> **Exercise**: In full and without alteration, print the records below, minus any images.

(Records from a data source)
┌──

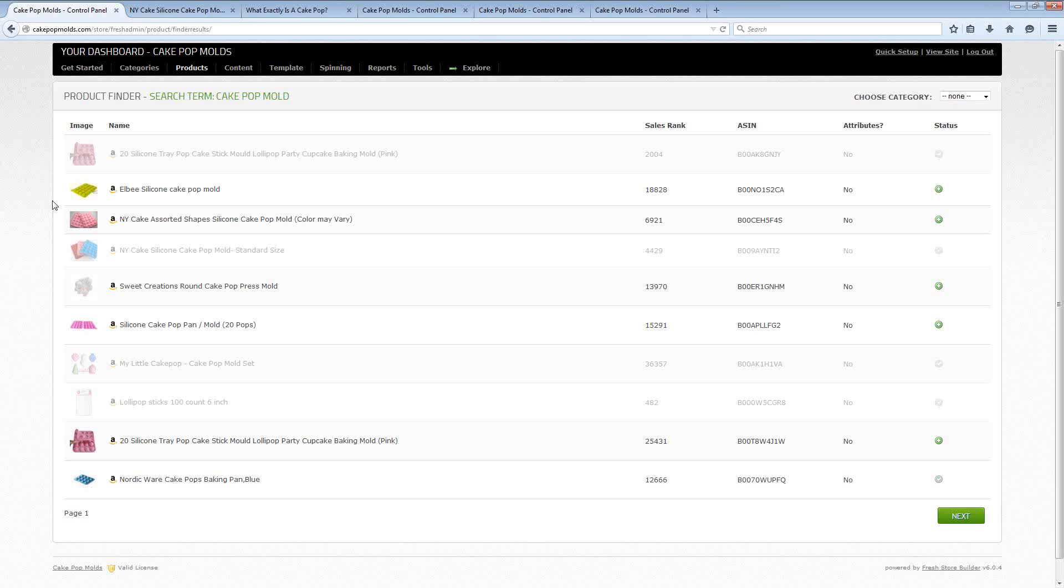But then on top of that I'm also going to be giving you guys a complete video training series. This is not just going to be one small little video or a couple of short little videos. This is an entire series where you actually get to watch over my shoulder as I build a complete site using Fresh Store Builder 6. This is actually the site that I'm going to be sharing with you on Tuesday May the 19th.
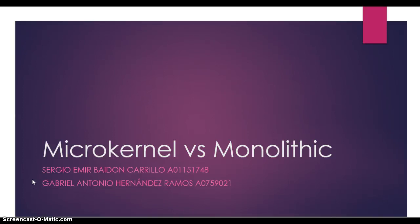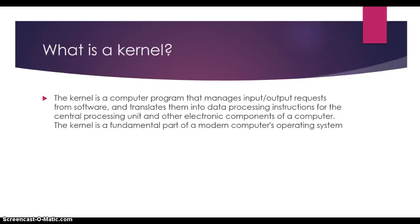Hello, today we're going to talk about microkernel and monolithic kernel. First, what is a kernel?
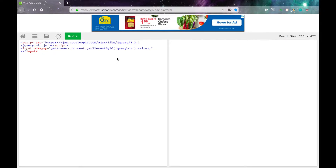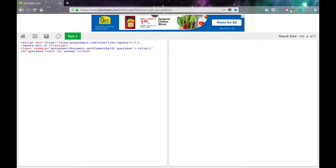In the input, you also need to do id equals, in quotes, query box. And apparently you don't close input tags. Now open a div with id equals, in quotes, answer. This is where we will get the search result from DuckDuckGo to appear. Close the div — you don't need to put anything inside it.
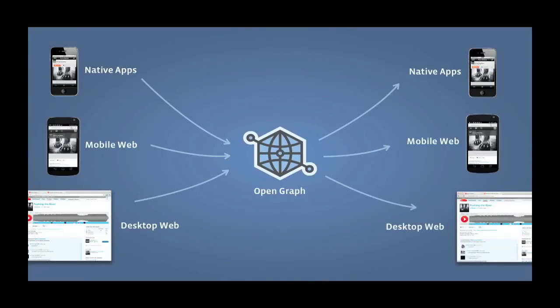What this means is I could be using Pinterest on the web on my desktop computer. A friend of mine could be using Facebook on their iOS app — Facebook's iOS app — and they could see a story from me using Pinterest. They click it and they end up using Pinterest's iOS app, not their web version. So we're driving distribution to Pinterest's apps as well as their product on the web.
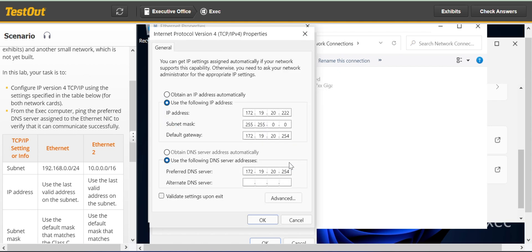Click on Internet Protocol Version 4, then go to Properties. Select 'Use the following IP address' — it's already highlighted. Now we start filling in the IP addresses. For this one we have 192.168.0.254.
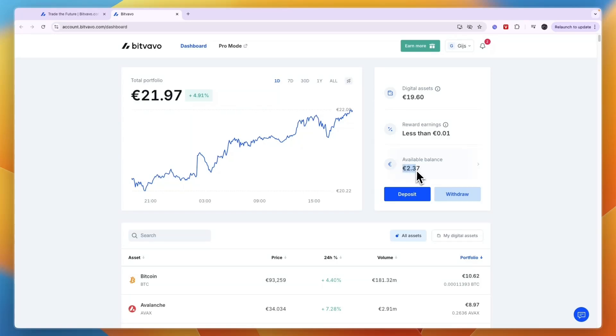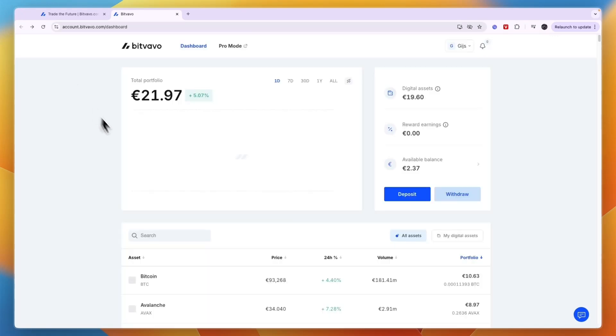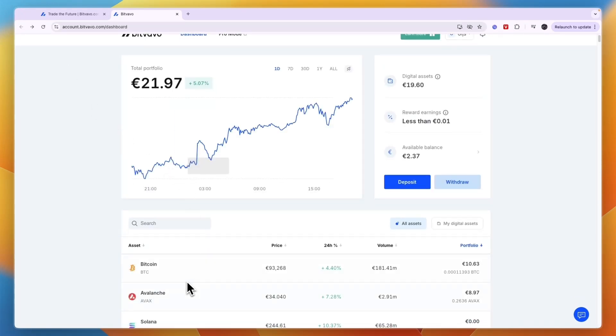First, to withdraw your balance, you can see right now I have a little over two euros in my balance. If you want to first sell your crypto, then just open the cryptocurrency, click sell, and then it will be available as a fiat currency, for example euro.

└──

> **Answer section**:
But then on top of that I'm also going to be giving you guys a complete video training series. This is not just going to be one small little video or a couple of short little videos. This is an entire series where you actually get to watch over my shoulder as I build a complete site using Fresh Store Builder 6. This is actually the site that I'm going to be sharing with you on Tuesday May the 19th.
Hello, today we're going to talk about microkernel and monolithic kernel. First, what is a kernel?
In the input, you also need to do id equals, in quotes, query box. And apparently you don't close input tags. Now open a div with id equals, in quotes, answer. This is where we will get the search result from DuckDuckGo to appear. Close the div — you don't need to put anything inside it.
What this means is I could be using Pinterest on the web on my desktop computer. A friend of mine could be using Facebook on their iOS app — Facebook's iOS app — and they could see a story from me using Pinterest. They click it and they end up using Pinterest's iOS app, not their web version. So we're driving distribution to Pinterest's apps as well as their product on the web.
Click on Internet Protocol Version 4, then go to Properties. Select 'Use the following IP address' — it's already highlighted. Now we start filling in the IP addresses. For this one we have 192.168.0.254.
First, to withdraw your balance, you can see right now I have a little over two euros in my balance. If you want to first sell your crypto, then just open the cryptocurrency, click sell, and then it will be available as a fiat currency, for example euro.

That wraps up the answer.